We consider the system 428.

  Alphabet:

    0 : [] --> nat 
    a : [nat * nat] --> nat 
    s : [nat] --> nat 
    sum : [nat * nat -> nat] --> nat 

  Rules:

    sum(0, /\x.X(x)) => X(0) 
    sum(s(X), /\x.Y(x)) => a(sum(X, /\y.Y(y)), Y(s(X))) 

We use the dependency pair framework as described in [Kop12, Ch. 6/7], with dynamic dependency pairs.

We thus obtain the following dependency pair problem (P_0, R_0, minimal, formative):

  Dependency Pairs P_0:

    0] sum#(0, /\x.X(x)) =#> X(0)   
    1] sum#(s(X), /\x.Y(x)) =#> sum#(X, /\y.Y(y))   
    2] sum#(s(X), /\x.Y(x)) =#> Y(y)   
    3] sum#(s(X), /\x.Y(x)) =#> Y(s(X))   

  Rules R_0:

    sum(0, /\x.X(x)) => X(0) 
    sum(s(X), /\x.Y(x)) => a(sum(X, /\y.Y(y)), Y(s(X))) 

Thus, the original system is terminating if (P_0, R_0, minimal, formative) is finite.

We consider the dependency pair problem (P_0, R_0, minimal, formative).

The formative rules of (P_0, R_0) are R_1 ::=

  sum(0, /\x.X(x)) => X(0) 

By [Kop12, Thm. 7.17], we may replace the dependency pair problem (P_0, R_0, minimal, formative) by (P_0, R_1, minimal, formative).

Thus, the original system is terminating if (P_0, R_1, minimal, formative) is finite.

We consider the dependency pair problem (P_0, R_1, minimal, formative).

We will use the reduction pair processor [Kop12, Thm. 7.16].  As the system is abstraction-simple and the formative flag is set, it suffices to find a tagged reduction pair [Kop12, Def. 6.70].  Thus, we must orient:

  sum#(0, /\x.X(x)) >? X(0) 
  sum#(s(X), /\x.Y(x)) >? sum#(X, /\y.Y(y)) 
  sum#(s(X), /\x.Y(x)) >? Y(~c0) 
  sum#(s(X), /\x.Y(x)) >? Y(s(X)) 
  sum(0, /\x.X(x)) >= X(0) 

We orient these requirements with a polynomial interpretation in the natural numbers.

The following interpretation satisfies the requirements:

  0 = 2 
  s = \y0.1 + 2y0 
  sum = \y0G1.y0G1(y0) 
  sum# = \y0G1.3 + y0 + y0G1(y0) 
  ~c0 = 0 

Using this interpretation, the requirements translate to:

  [[sum#(0, /\x._x0(x))]] = 5 + 2F0(2) > F0(2) = [[_x0(0)]] 
  [[sum#(s(_x0), /\x._x1(x))]] = 4 + 2x0 + F1(1 + 2x0) + 2x0F1(1 + 2x0) > 3 + x0 + x0F1(x0) = [[sum#(_x0, /\x._x1(x))]] 
  [[sum#(s(_x0), /\x._x1(x))]] = 4 + 2x0 + F1(1 + 2x0) + 2x0F1(1 + 2x0) > F1(0) = [[_x1(~c0)]] 
  [[sum#(s(_x0), /\x._x1(x))]] = 4 + 2x0 + F1(1 + 2x0) + 2x0F1(1 + 2x0) > F1(1 + 2x0) = [[_x1(s(_x0))]] 
  [[sum(0, /\x._x0(x))]] = 2F0(2) >= F0(2) = [[_x0(0)]] 
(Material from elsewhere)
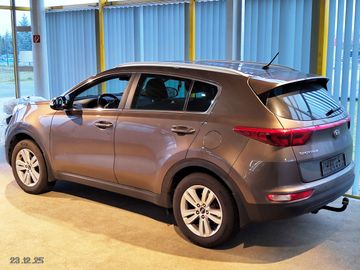 Kia Sportage 2WD AHK-Klima-SHZG-Allwetter-2 Vorbesit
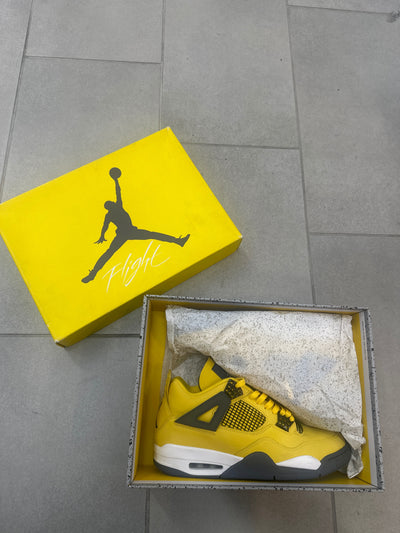 Jordan 4 Retro Lightning (2021) Size 11 (Pre-Owned)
By the observations in [Kop12, Sec. 6.6], this reduction pair suffices; we may thus replace a dependency pair problem (P_0, R_1) by ({}, R_1).  By the empty set processor [Kop12, Thm. 7.15] this problem may be immediately removed.

As all dependency pair problems were succesfully simplified with sound (and complete) processors until nothing remained, we conclude termination.


+++ Citations +++

[Kop12]  C. Kop.  Higher Order Termination.  PhD Thesis, 2012.